In the circumstances, the unreported decision rendered by Srinivasan, J. in Amaravathi Textile, Madurai v. Arunachalam C.R.P. No. 1898 of 1987, and the ratio laid down by Sivasubramaniam, J. in N.S. Doshi and Co. v. Ganesan 101 L.W.433 : 1987 T.L.N.J. 305, and the ratio of the decision of the Supreme Court reported in Chhotelal Pyarelal v. Saikharchand, can be applied Accordingly C.M.P. No. 5523 and 5524 of 1988 for impleading the other partners, namely, the proposed respondents 2 to 4 are ordered and the landlady (respondent in this C.R.P.) is permitted to amend the cause title of the original petition and all other connected proceedings by adding all the partners of the tenant firm of Ramakrishna & Bros.

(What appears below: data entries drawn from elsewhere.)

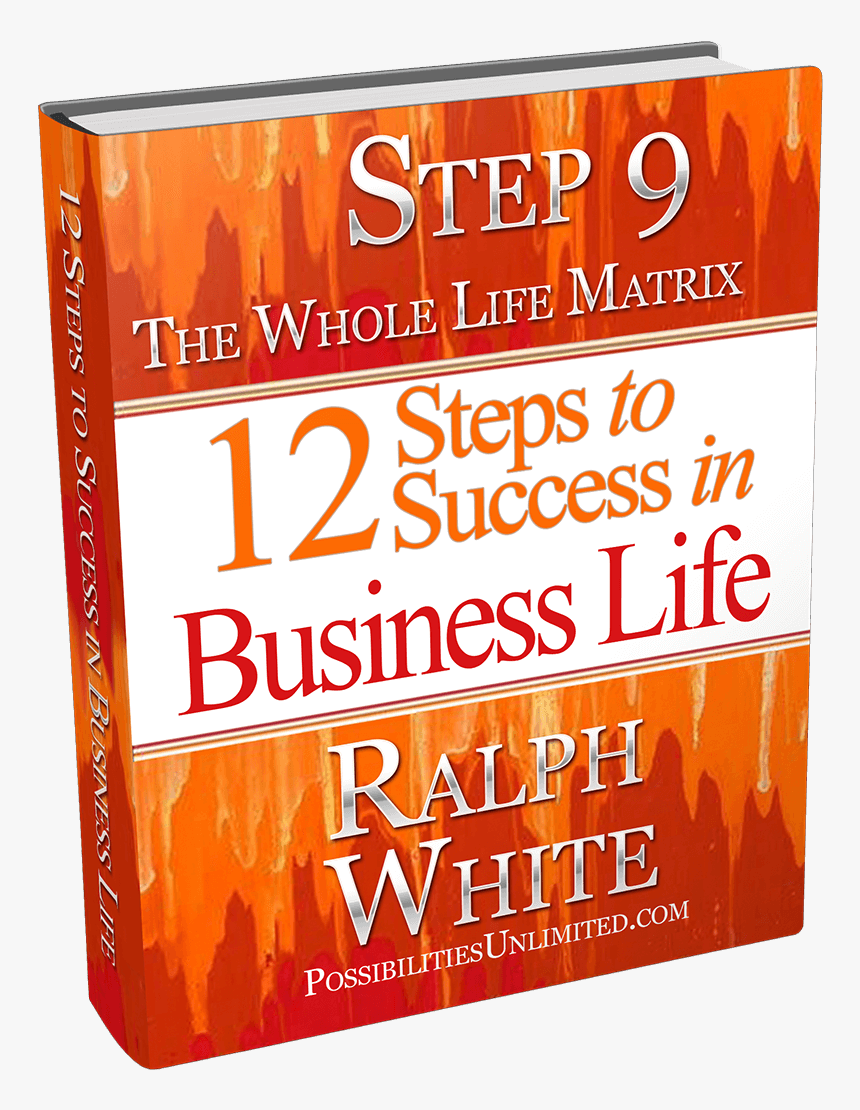 Step 9 The Wholelife Matrix Ralph White - Pearson Successnet, HD Png Download, Free Download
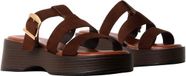 Joia Instap-pantoffels Vrouwen Bruin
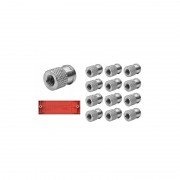 Резьбовые адаптеры QBRICK SYSTEM Threaded inserts М8 12шт, Z258230PG001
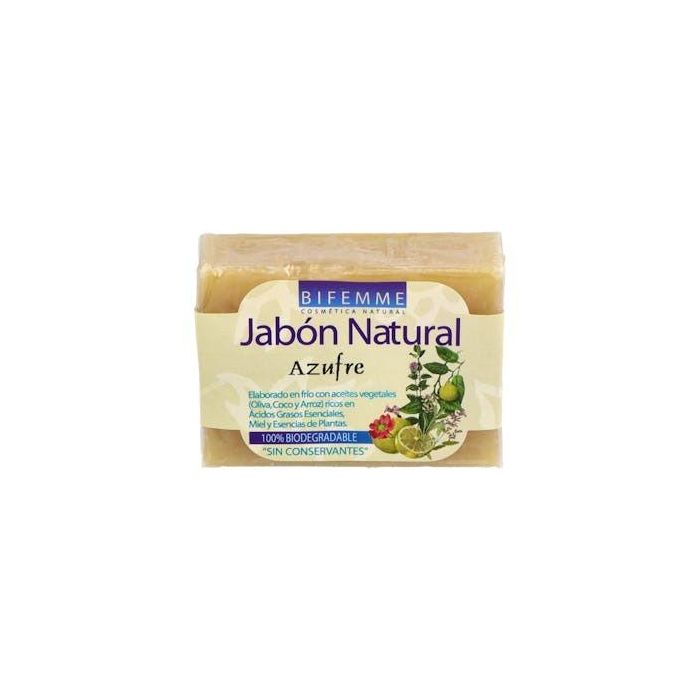 Jabón De Azufre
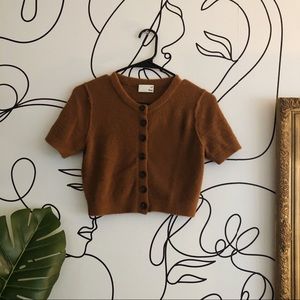 Aritzia Wilfred Free Sweater Top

As the revision is now allowed only on the question of maintainability of the eviction petition, I have not gone into the merits of the case and they are left open to be decided after the proposed parties are impleaded. 10. In the result, the revision is allowed, and the matter is remitted back for fresh disposal to the Appellate Authority, who is directed to give an opportunity to the newly added respondents to file counter statements in answer to the application for eviction and to give opportunity to them to adduce necessary evidence and thereafter consider the entire documentary and oral evidence afresh and dispose of the matter on merits as expeditiously as possible, in any event, within three months from the date of receipt of this order. However, in the circumstances of the case, there will be no order as to costs in this revision.